Still wading my way through the blogs.
"I am: Insane. Also known as Hanna.
I want: to be myself, whoever that may be.
I have: the ability to laugh at myself.
I wish: for world peace!
I hate: onions, arrogant and disrespectful people, and my skin.
I miss: being naive. Ignorance was bliss.
I fear: spiders and loneliness.
I hear: so many voices telling me what to be that my own voice is drowned.
I search: my soul. And for my common sense...
I wonder: if I'll ever find true love-if it exists, that is.
I love: my family, my friends, animals, a clear, sunny day, a good breeze, bright colors, chocolate, cheese, and ice cream.
I always: arrive on time!!! Punctuality is a plus.
I never: pay attention in Stats or apologize for myself, even when I should. Too damn proud...
I dance: whenever the hell I want to!
I sing: whenever the hell I want to!
I cry: when I'm alone
I am not always: honest with myself.
I write: what I feel, what I can't say out loud.
I win: when I try.
I confuse: what I want with what people want from me.
I need: more self-love. I have none.
I should: exercise more. I need more energy!"

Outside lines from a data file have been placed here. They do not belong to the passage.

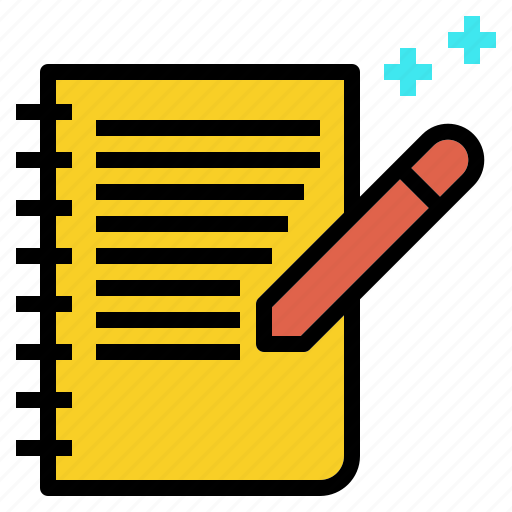 Essay, lecture, note, writing icon - Download on Iconfinder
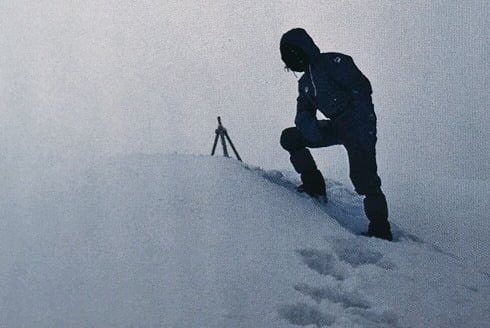 Il y a plus de 40 ans, le 20 Août 1980, l'alpiniste italien Reinhold Messner fut le premier homme à reussir l'ascension de l'Everest en solo et sans oxygene. On le considère comme l'un des plus grands alpinistes du 20ème siecle. Credit Photo: Reinhold Messner Archives.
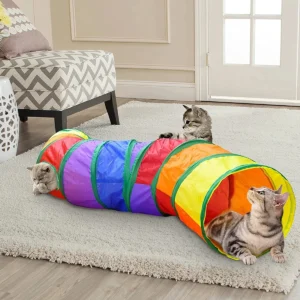 Foldable Cat Tunnel
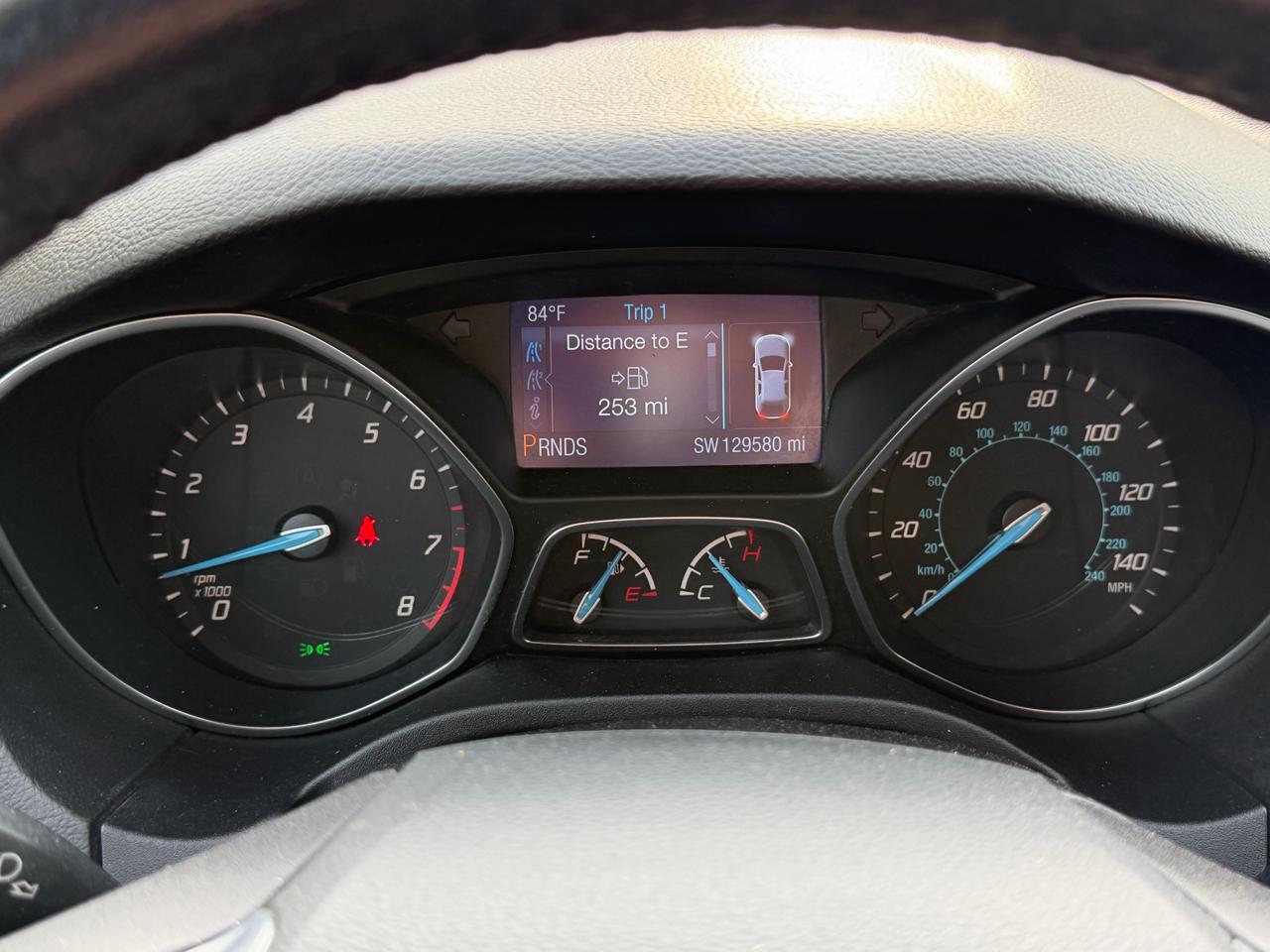 Ford Focus SE Sedan 2014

Also written during senior year. Still pretty true to myself, I think.
"You do not have the right to laugh at other people's expense unless they are laughing at themselves. Seriously, how horrible would it be if someone tripped and fell, and everyone was laughing at him/her, but he/she wasn't laughing? That'd just be cruel, and imagine how the poor guy/girl would feel. This is why I take pride in being able to laugh at myself-I don't CARE whether or not you laugh at me, 'cause I don't think it matters. I can laugh at myself, which means that if you laugh at me, whether you're mocking me or not, it doesn't matter because I don't care. So if I do something stupid, laugh at me all you want, 'cause I'll stand up and laugh at me too. 'Cause I know that I won't remember in a few years, and if I do remember, I won't care. But some people are a lot more sensitive than I am, and if they aren't laughing at themselves, or they are but they don't look like they mean it, don't laugh at them. That's cruel. Just 'cause you can laugh at yourself doesn't mean other people can laugh at themselves. And do you really want to hurt other people's feelings? Do they not mean anything at all?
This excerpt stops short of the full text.